Turned out they wanted him to play wide receiver.
Nelson went along with it — “nobody’s going to argue football with coach (Bill) Snyder,” he said — and then built himself into the best receiver in school history.
He dropped some fat and added some muscle and then set school records with 122 catches and 1,606 yards his senior year. Maybe folks started noticing when he caught 10 passes for 137 yards against Kansas and hotshot cornerback Aqib Talib that year.
Slowly, NFL scouts began to look beyond his 4.51 40-yard dash time and modest beginnings.
By the time he left K-State, he was married — he and Emily have a baby boy who turned 1 last week — and had enough of a highlight tape that the Packers took him in the second round.
Imagine that. He joined the Wildcats as a wide-eyed walk-on defensive back, and left as a husband, All-American receiver and second-round NFL draft pick.
“If Manhattan is hard to get to,” Snyder said while explaining how Nelson slipped past recruiters, “then Riley is even harder to get to.”

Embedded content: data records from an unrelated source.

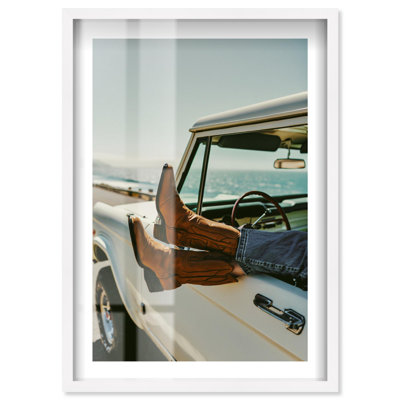 «Road Trip bottes II Shadowbox», reproduction de photo par Notoriart, cadre blanc, 10 x 15
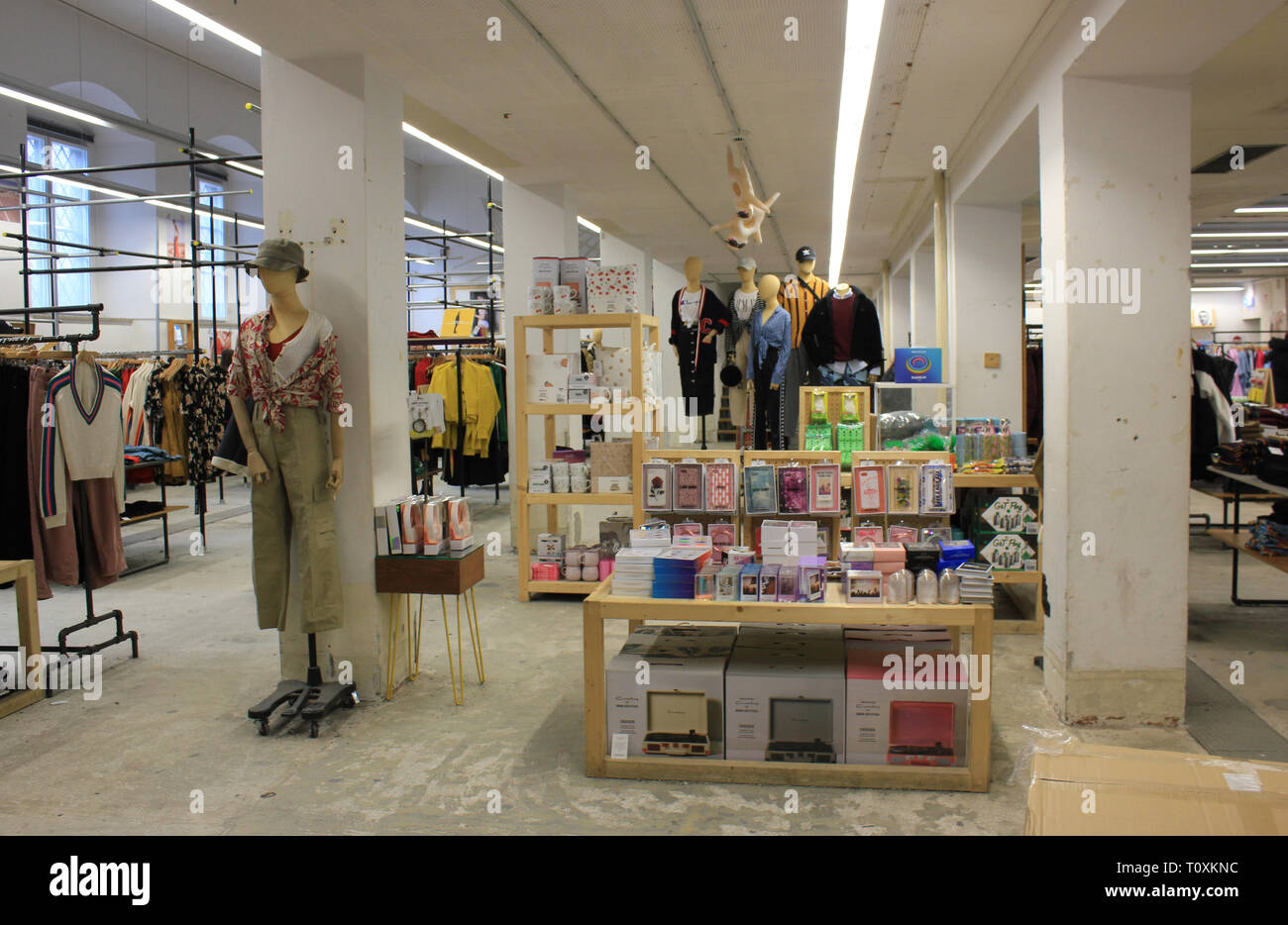 Pop-up-store von Urban Outfitters, Shop Interior in München Stadt. Stockfoto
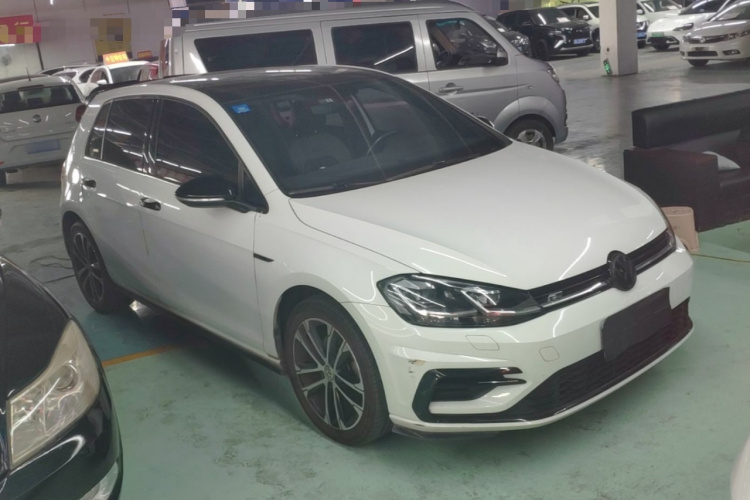 Volkswagen Golf 2018 car image #4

Jordy Nelson did not play the perfect Super Bowl. He was fantastic, you understand, his nine catches and 140 yards both standing as career highs. No Packer has ever had that many receiving yards in a Super Bowl, and Nelson scored the game’s first touchdown by beating Steelers cornerback William Gay down the right side for a 29-yard catch.
The play was supposed to be a screen pass, but Rodgers saw Gay come up to play Nelson close and gave a signal to go deep.
If you remember Nelson at K-State, you might’ve thought about his long touchdown against Talib in that Kansas game.
But Nelson also dropped three passes. Each came at important moments, though he did follow one of them with a catch over the middle on third down that he took 38 yards to set up the Packers’ final touchdown.
So even if Nelson wasn’t perfect, maybe he was something more realistic: resilient, effective and possibly even understated considering the gaudy numbers.
“Jordy stepped up when probably no one expected him to do it,” Packers receiver Donald Driver said. “He’s a playmaker.”
The Packers have, perhaps, the deepest set of receivers in the NFL. Some have called it one of the best groups in league history. and it’s easy to miss the pride of Riley. He scored only two touchdowns during the regular season, and ranked fourth on the team with 45 catches and third with 582 yards.
But the huge night in the Super Bowl just continued a trend for Nelson, who had three of his four biggest games in terms of yardage in the Packers’ three playoff victories.
Turns out the kid from the tiny Kansas town won’t back down from these giant moments. Turns out, he just needed a chance.
“You always dream big,” he says. “I guarantee there are kids all over the country playing in the back yard. It is such a long shot, I can’t believe it.”